INFORMATION SUPPLIED
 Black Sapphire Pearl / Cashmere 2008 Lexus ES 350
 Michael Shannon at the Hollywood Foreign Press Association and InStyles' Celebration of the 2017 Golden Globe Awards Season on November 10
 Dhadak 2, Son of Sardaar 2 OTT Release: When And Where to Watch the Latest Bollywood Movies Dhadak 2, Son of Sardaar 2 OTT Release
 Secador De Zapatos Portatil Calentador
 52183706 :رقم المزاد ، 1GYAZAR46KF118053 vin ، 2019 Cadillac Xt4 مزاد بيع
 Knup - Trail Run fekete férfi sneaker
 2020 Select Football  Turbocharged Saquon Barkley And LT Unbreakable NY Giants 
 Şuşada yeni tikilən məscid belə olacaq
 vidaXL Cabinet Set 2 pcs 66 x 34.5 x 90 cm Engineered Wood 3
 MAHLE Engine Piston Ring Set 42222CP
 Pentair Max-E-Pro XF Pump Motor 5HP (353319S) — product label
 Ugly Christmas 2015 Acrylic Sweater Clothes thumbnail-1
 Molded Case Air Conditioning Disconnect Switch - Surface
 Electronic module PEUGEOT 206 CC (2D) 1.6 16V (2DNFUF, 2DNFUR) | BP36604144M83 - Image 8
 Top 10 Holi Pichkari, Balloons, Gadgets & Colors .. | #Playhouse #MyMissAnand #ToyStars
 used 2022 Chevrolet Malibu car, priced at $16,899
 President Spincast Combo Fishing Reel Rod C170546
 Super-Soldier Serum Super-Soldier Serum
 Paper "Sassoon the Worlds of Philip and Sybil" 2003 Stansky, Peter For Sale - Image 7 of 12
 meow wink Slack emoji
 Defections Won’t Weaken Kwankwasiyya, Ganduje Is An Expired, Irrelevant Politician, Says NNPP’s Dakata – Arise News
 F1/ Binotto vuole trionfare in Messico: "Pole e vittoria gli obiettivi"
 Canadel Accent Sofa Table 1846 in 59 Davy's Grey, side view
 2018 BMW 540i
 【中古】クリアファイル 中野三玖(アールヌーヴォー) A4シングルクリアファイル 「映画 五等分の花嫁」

PROBLEM DESCRIPTION
Would you print all of the material above exactly as written?

RESPONSE BOX
 Black Sapphire Pearl / Cashmere 2008 Lexus ES 350
 Michael Shannon at the Hollywood Foreign Press Association and InStyles' Celebration of the 2017 Golden Globe Awards Season on November 10
 Dhadak 2, Son of Sardaar 2 OTT Release: When And Where to Watch the Latest Bollywood Movies Dhadak 2, Son of Sardaar 2 OTT Release
 Secador De Zapatos Portatil Calentador
 52183706 :رقم المزاد ، 1GYAZAR46KF118053 vin ، 2019 Cadillac Xt4 مزاد بيع
 Knup - Trail Run fekete férfi sneaker
 2020 Select Football  Turbocharged Saquon Barkley And LT Unbreakable NY Giants 
 Şuşada yeni tikilən məscid belə olacaq
 vidaXL Cabinet Set 2 pcs 66 x 34.5 x 90 cm Engineered Wood 3
 MAHLE Engine Piston Ring Set 42222CP
 Pentair Max-E-Pro XF Pump Motor 5HP (353319S) — product label
 Ugly Christmas 2015 Acrylic Sweater Clothes thumbnail-1
 Molded Case Air Conditioning Disconnect Switch - Surface
 Electronic module PEUGEOT 206 CC (2D) 1.6 16V (2DNFUF, 2DNFUR) | BP36604144M83 - Image 8
 Top 10 Holi Pichkari, Balloons, Gadgets & Colors .. | #Playhouse #MyMissAnand #ToyStars
 used 2022 Chevrolet Malibu car, priced at $16,899
 President Spincast Combo Fishing Reel Rod C170546
 Super-Soldier Serum Super-Soldier Serum
 Paper "Sassoon the Worlds of Philip and Sybil" 2003 Stansky, Peter For Sale - Image 7 of 12
 meow wink Slack emoji
 Defections Won’t Weaken Kwankwasiyya, Ganduje Is An Expired, Irrelevant Politician, Says NNPP’s Dakata – Arise News
 F1/ Binotto vuole trionfare in Messico: "Pole e vittoria gli obiettivi"
 Canadel Accent Sofa Table 1846 in 59 Davy's Grey, side view
 2018 BMW 540i
 【中古】クリアファイル 中野三玖(アールヌーヴォー) A4シングルクリアファイル 「映画 五等分の花嫁」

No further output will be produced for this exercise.